Stored items from a collection
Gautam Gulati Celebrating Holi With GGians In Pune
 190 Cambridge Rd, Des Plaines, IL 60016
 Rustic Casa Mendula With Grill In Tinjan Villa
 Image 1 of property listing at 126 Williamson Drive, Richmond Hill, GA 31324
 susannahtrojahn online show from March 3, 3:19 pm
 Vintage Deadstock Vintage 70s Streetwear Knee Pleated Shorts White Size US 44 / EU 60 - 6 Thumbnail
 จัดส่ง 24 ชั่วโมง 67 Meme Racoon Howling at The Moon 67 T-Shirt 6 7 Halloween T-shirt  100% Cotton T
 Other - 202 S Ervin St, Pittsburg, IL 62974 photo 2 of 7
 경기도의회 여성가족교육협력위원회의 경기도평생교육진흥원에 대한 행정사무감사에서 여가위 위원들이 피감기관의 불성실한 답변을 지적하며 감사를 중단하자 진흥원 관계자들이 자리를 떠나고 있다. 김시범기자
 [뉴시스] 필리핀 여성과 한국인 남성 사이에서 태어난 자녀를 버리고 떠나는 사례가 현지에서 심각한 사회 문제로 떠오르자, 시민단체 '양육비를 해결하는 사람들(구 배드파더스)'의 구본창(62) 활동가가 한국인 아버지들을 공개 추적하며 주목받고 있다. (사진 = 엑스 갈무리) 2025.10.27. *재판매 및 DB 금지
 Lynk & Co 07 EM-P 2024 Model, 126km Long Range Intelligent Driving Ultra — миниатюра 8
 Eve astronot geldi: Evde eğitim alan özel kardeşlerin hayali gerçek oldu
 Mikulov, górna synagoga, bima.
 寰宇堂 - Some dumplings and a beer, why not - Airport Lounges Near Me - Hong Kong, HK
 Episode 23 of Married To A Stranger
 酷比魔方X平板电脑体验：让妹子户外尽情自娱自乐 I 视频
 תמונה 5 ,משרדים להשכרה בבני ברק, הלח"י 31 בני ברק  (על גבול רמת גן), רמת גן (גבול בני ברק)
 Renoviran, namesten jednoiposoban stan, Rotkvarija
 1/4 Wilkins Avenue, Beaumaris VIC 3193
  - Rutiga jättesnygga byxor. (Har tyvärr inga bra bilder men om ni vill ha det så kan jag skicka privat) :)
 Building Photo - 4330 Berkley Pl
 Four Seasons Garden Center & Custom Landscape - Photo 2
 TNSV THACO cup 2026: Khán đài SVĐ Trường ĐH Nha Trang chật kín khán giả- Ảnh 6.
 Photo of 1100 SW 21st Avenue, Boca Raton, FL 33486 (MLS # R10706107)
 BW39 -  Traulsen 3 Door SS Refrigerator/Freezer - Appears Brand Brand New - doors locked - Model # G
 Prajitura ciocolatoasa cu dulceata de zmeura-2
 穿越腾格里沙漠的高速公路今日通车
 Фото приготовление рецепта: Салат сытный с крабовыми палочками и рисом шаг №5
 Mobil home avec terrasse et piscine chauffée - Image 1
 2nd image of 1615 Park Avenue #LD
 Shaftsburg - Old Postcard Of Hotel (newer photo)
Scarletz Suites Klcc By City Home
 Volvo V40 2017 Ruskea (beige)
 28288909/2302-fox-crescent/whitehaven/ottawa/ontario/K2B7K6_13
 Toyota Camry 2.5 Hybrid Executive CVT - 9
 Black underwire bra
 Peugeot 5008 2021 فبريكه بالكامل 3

• _Required work_
Faithfully copy every entry, leaving nothing out.

• _Finished exercise_
Gautam Gulati Celebrating Holi With GGians In Pune
 190 Cambridge Rd, Des Plaines, IL 60016
 Rustic Casa Mendula With Grill In Tinjan Villa
 Image 1 of property listing at 126 Williamson Drive, Richmond Hill, GA 31324
 susannahtrojahn online show from March 3, 3:19 pm
 Vintage Deadstock Vintage 70s Streetwear Knee Pleated Shorts White Size US 44 / EU 60 - 6 Thumbnail
 จัดส่ง 24 ชั่วโมง 67 Meme Racoon Howling at The Moon 67 T-Shirt 6 7 Halloween T-shirt  100% Cotton T
 Other - 202 S Ervin St, Pittsburg, IL 62974 photo 2 of 7
 경기도의회 여성가족교육협력위원회의 경기도평생교육진흥원에 대한 행정사무감사에서 여가위 위원들이 피감기관의 불성실한 답변을 지적하며 감사를 중단하자 진흥원 관계자들이 자리를 떠나고 있다. 김시범기자
 [뉴시스] 필리핀 여성과 한국인 남성 사이에서 태어난 자녀를 버리고 떠나는 사례가 현지에서 심각한 사회 문제로 떠오르자, 시민단체 '양육비를 해결하는 사람들(구 배드파더스)'의 구본창(62) 활동가가 한국인 아버지들을 공개 추적하며 주목받고 있다. (사진 = 엑스 갈무리) 2025.10.27. *재판매 및 DB 금지
 Lynk & Co 07 EM-P 2024 Model, 126km Long Range Intelligent Driving Ultra — миниатюра 8
 Eve astronot geldi: Evde eğitim alan özel kardeşlerin hayali gerçek oldu
 Mikulov, górna synagoga, bima.
 寰宇堂 - Some dumplings and a beer, why not - Airport Lounges Near Me - Hong Kong, HK
 Episode 23 of Married To A Stranger
 酷比魔方X平板电脑体验：让妹子户外尽情自娱自乐 I 视频
 תמונה 5 ,משרדים להשכרה בבני ברק, הלח"י 31 בני ברק  (על גבול רמת גן), רמת גן (גבול בני ברק)
 Renoviran, namesten jednoiposoban stan, Rotkvarija
 1/4 Wilkins Avenue, Beaumaris VIC 3193
  - Rutiga jättesnygga byxor. (Har tyvärr inga bra bilder men om ni vill ha det så kan jag skicka privat) :)
 Building Photo - 4330 Berkley Pl
 Four Seasons Garden Center & Custom Landscape - Photo 2
 TNSV THACO cup 2026: Khán đài SVĐ Trường ĐH Nha Trang chật kín khán giả- Ảnh 6.
 Photo of 1100 SW 21st Avenue, Boca Raton, FL 33486 (MLS # R10706107)
 BW39 -  Traulsen 3 Door SS Refrigerator/Freezer - Appears Brand Brand New - doors locked - Model # G
 Prajitura ciocolatoasa cu dulceata de zmeura-2
 穿越腾格里沙漠的高速公路今日通车
 Фото приготовление рецепта: Салат сытный с крабовыми палочками и рисом шаг №5
 Mobil home avec terrasse et piscine chauffée - Image 1
 2nd image of 1615 Park Avenue #LD
 Shaftsburg - Old Postcard Of Hotel (newer photo)
Scarletz Suites Klcc By City Home
 Volvo V40 2017 Ruskea (beige)
 28288909/2302-fox-crescent/whitehaven/ottawa/ontario/K2B7K6_13
 Toyota Camry 2.5 Hybrid Executive CVT - 9
 Black underwire bra
 Peugeot 5008 2021 فبريكه بالكامل 3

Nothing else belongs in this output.